The US justice department has indicted two Chinese men accused of hacking into the computer networks of companies and government agencies in Western countries.
The pair are allegedly part of a “hacking group” known as Advanced Persistent Threat 10, affiliated with China’s main intelligence service.
They have not been arrested.
The UK, Australia, Canada, Japan, the Netherlands, New Zealand and Sweden were also reportedly targeted.
The UK government said it was joining allies in holding the Chinese government responsible for a global campaign targeting commercial secrets.
Zhu Hua and Zhang Shilong worked for a company called Huaying Haitai and in association with the Chinese Ministry of State Security, the US court filing says.
US corporations involved in aviation, space and satellite technology, and government agencies including the Navy and the space agency Nasa were targeted, it adds.
Announcing the unsealing of the indictments, US Deputy Attorney General Rod Rosenstein said China had violated a 2015 agreement under which it had pledged to not engage in commercial cyber-spying.
Mr Rosenstein said his department’s move had been co-ordinated with US allies in Europe and Asia to rebuff “China’s economic aggression”.
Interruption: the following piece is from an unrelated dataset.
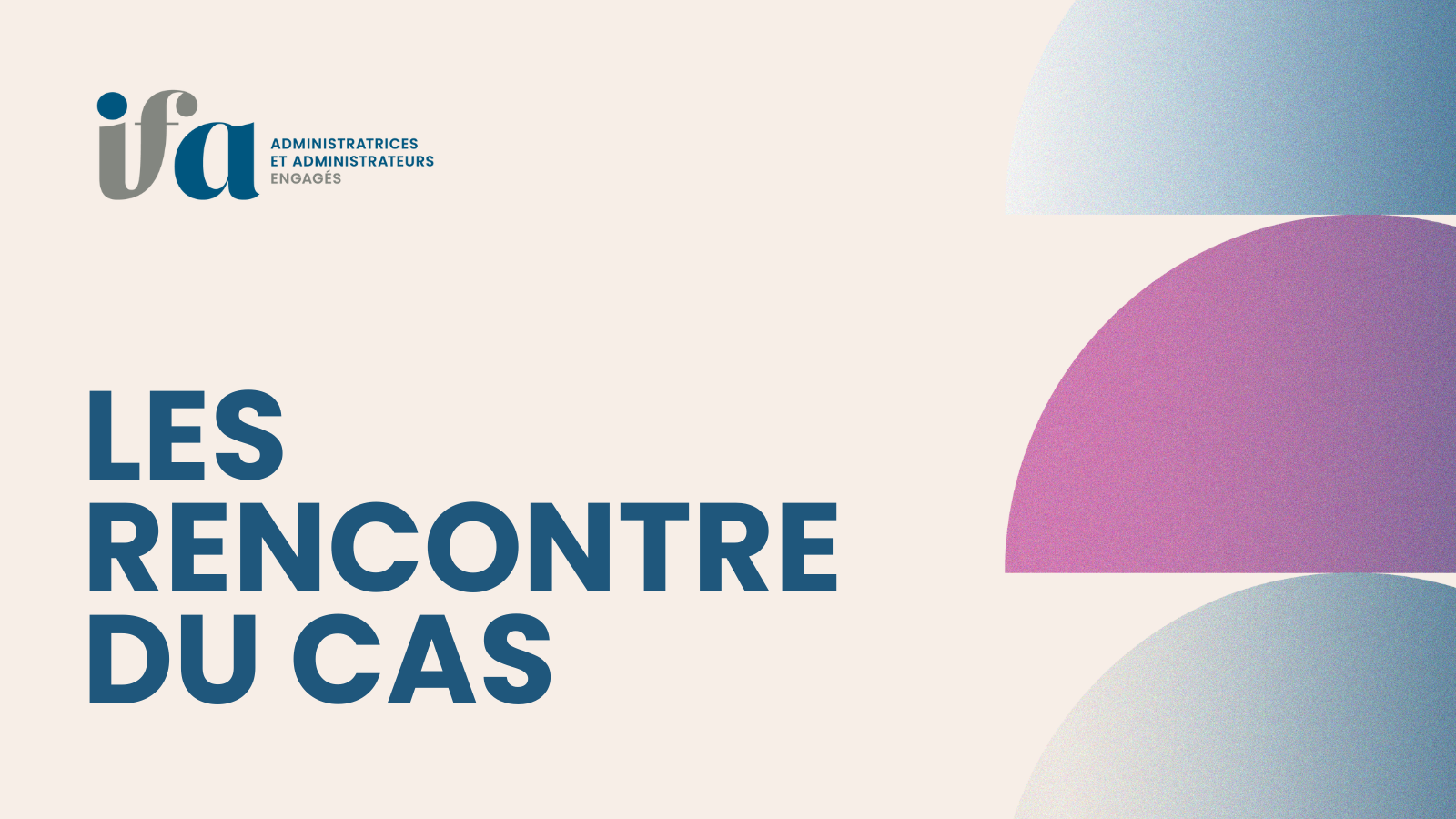 Matinale des certifi&eacute;s du CAS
He added: “We want China to cease its illegal cyber activities.”
FBI Director Christopher Wray said the two men were at present “beyond US jurisdiction”.
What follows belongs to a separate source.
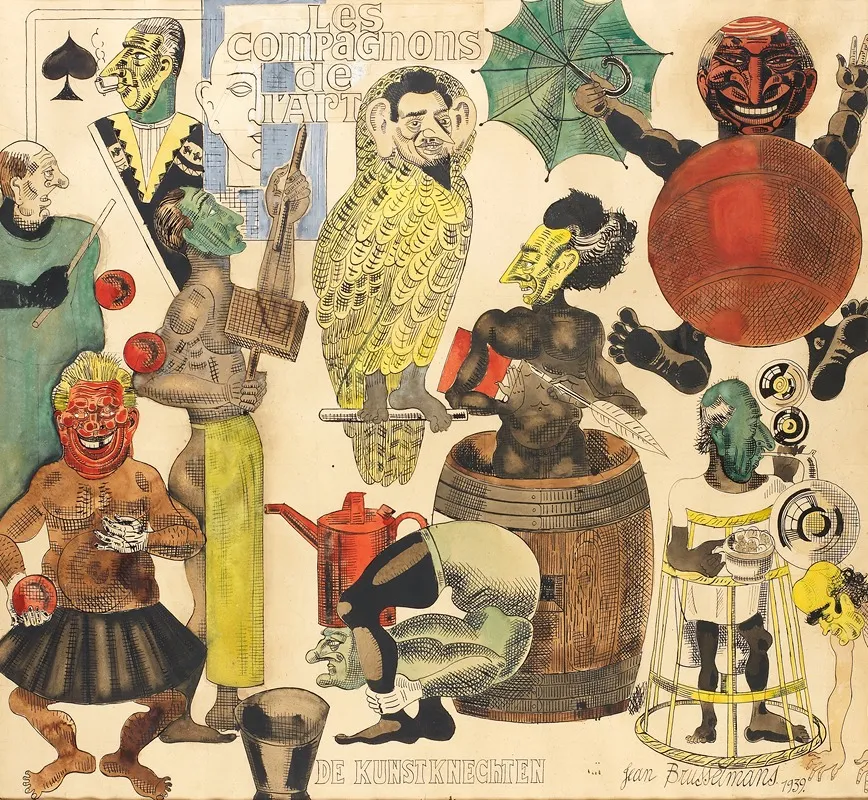 Les Compagnons De L Art De Kunstknechten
UK Foreign Secretary Jeremy Hunt said: “This campaign is one of the most significant and widespread cyber intrusions against the UK and allies uncovered to date, targeting trade secrets and economies around the world.
“These activities must stop. They go against the commitments made to the UK in 2015, and, as part of the G20, not to conduct or support cyber-enabled theft of intellectual property or trade secrets.”